Extrait de l’étude de Jean-Baptiste GEFFROY
Au matin du 1er septembre 1715, à huit heures quinze, Louis XIV rendait son âme à Dieu. A dater de ce jour, naît la légende noire du Roi-Soleil. Elle perdure aujourd’hui en cette année du tricentenaire de sa mort, comme en témoigne cette pauvre formule concoctée par deux tâcherons de la grosse presse gavés des clichés de l’histoire officielle : « Le Roi-Soleil n’a le droit qu’à un convoi funéraire de nuit, car on craint les railleries du peuple qui n’en pouvait plus de ce vieux roi bigot ayant dépouillé la France pour matérialiser ses rêves de grandeur » 1. C’est sur le lit de mort de Louis XIV que s’est construite cette image caricaturale d’un roi guerrier, tyrannique, dépensier, orgueilleux et débauché. Sur son lit d’agonie, l’entourage dévot le poussera à s’accuser de fautes dont certaines étaient sans doute réelles, mais beaucoup imaginaires ou démesurément grossies.
Des trois déclarations « pénitentielles » qu’il prononcera, c’est la troisième, la plus célèbre, celle qu’il adresse à son arrière-petit-fils, le futur Louis XV, qui confesse les « méfaits » d’un règne belliqueux : « Mon cher enfant, vous allez être le plus grand roi du monde […] tout votre bonheur dépendra d’être soumis à Dieu et du soin que vous aurez de soulager vos peuples. Il faut pour cela que vous évitiez autant que vous le pourrez de faire la guerre ; c’est la ruine des peuples. Ne suivez pas le mauvais exemple que je vous ai donné sur cela. J’ai souvent entrepris la guerre trop légèrement et l’ai soutenue par vanité, ne m’imitez pas, mais soyez un prince pacifique et que votre principale occupation soit de soulager vos sujets ». Saint-Simon ajoutera la mention sans doute apocryphe sur la « folie des bâtiments ». La cause est entendue : désormais, on dénoncera la toute-puissance royale, le règne du bon plaisir, l’asservissement de la noblesse, la centralisation du pouvoir, la bureaucratie, les gouffres financiers de Versailles, de Trianon et de Marly, les scandales des maîtresses, les guerres interminables, l’intolérance religieuse, la révocation de l’édit de Nantes, les inégalités, la misère du peuple, les famines et le grand hiver de 1709.

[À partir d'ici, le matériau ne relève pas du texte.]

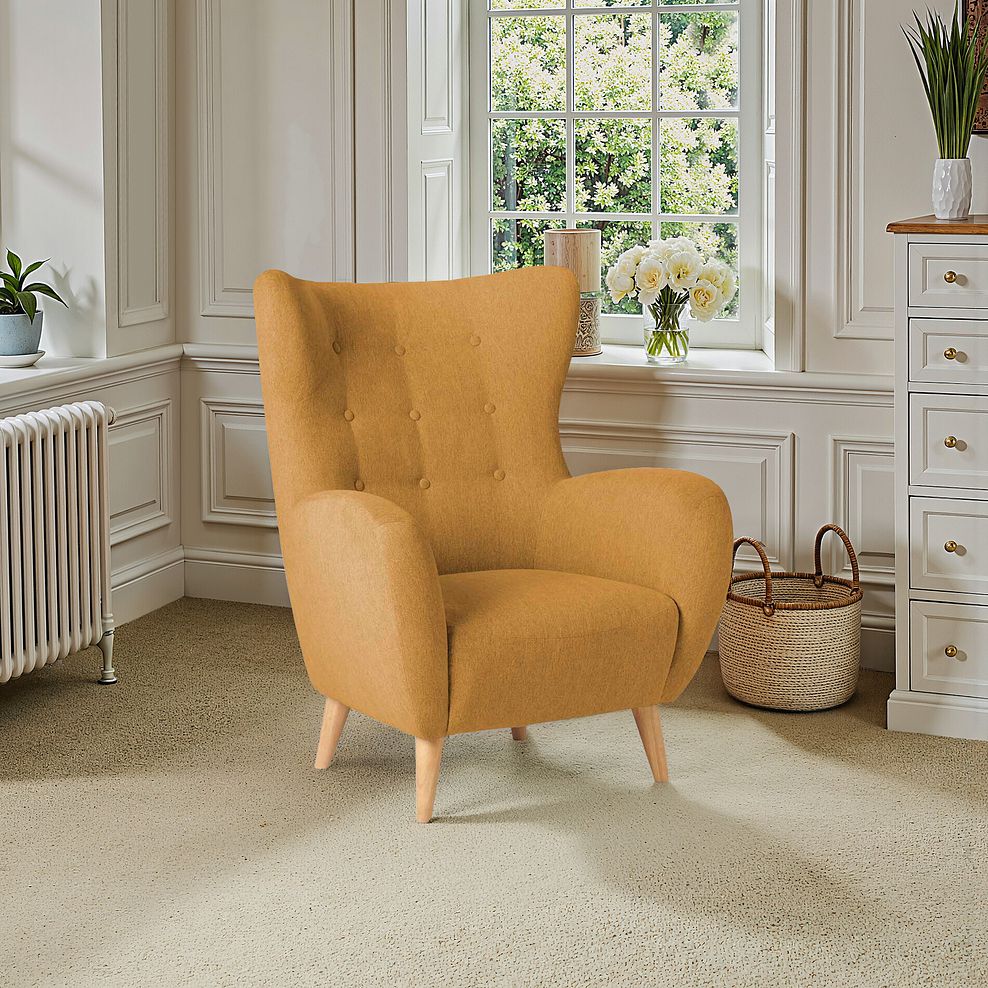 Alexander Accent Chair in Linen Mustard Fabric 1
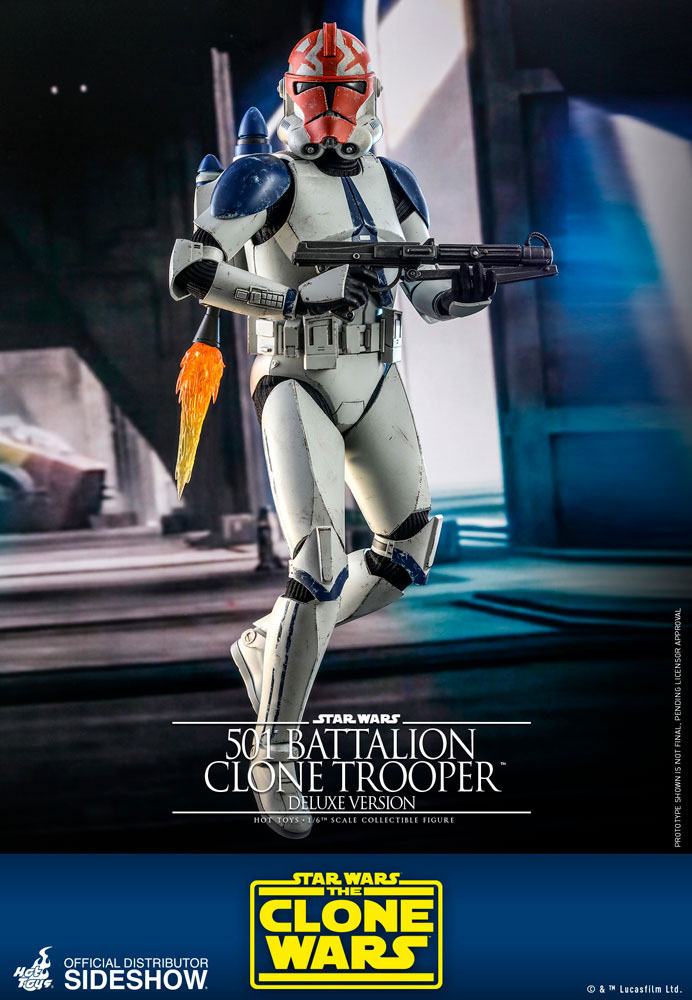 HOT TOYS - Star Wars The Clone Wars 1:6 Action Doll 501st Battalion Clone Trooper (DeLuxe) TMS023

Pourquoi Louis XIV a-t-il donc concentré et concentre-t-il toujours sur lui tant d’animosité ? Pourquoi cet acharnement sur lui et pas sur d’autres : l’Empereur germanique, Guillaume d’Orange, le duc de Savoie ? Pourquoi reprocher à Louis ce qu’ont déjà fait ses prédécesseurs et ses contemporains ? Pourquoi reprocher Versailles à Louis XIV et pas Chambord à François 1er ? Pourquoi reprocher à Louis XIV la guerre de Hollande et absoudre Louis XII des guerres italiennes ? Pourquoi dénoncer la vie dissolue de Louis XIV et faire si bon marché de celle du Vert-Galant ? Ne sont-ce d’ailleurs les mêmes qui après avoir dénoncé ses maîtresses, lui reprochent la « bigoterie » de la deuxième partie de sa vie, le qualifiant tour à tour de Sardanapale et de Tartuffe ? Parce que Louis a incarné plus que tout autre – saint Louis étant à part – la France monarchique et chrétienne ; parce que la condamnation de la royauté passe d’abord par la sienne. Dans le procès de la monarchie française millénaire, Louis XIV est au premier rang des accusés.
Il y a bien un mystère dans la phobie qu’il a inspirée et qu’il inspire toujours sous certaines plumes, alors même que les plus inattendues ont su lui rendre justice : Voltaire, Leibnitz, Tocqueville même d’une certaine manière, et jusqu’à ses ennemis. Quelques jours après la mort de Louis XIV, la nouvelle est apportée au roi de Prusse, Frédéric-Guillaume, qui réunissait à ce moment ses conseillers. Il n’a qu’un mot : « Messieurs, le roi est mort ». Comme si, pour le Roi-Sergent, en Europe, il n’y avait vraiment qu’un seul roi dont il était inutile de préciser le nom.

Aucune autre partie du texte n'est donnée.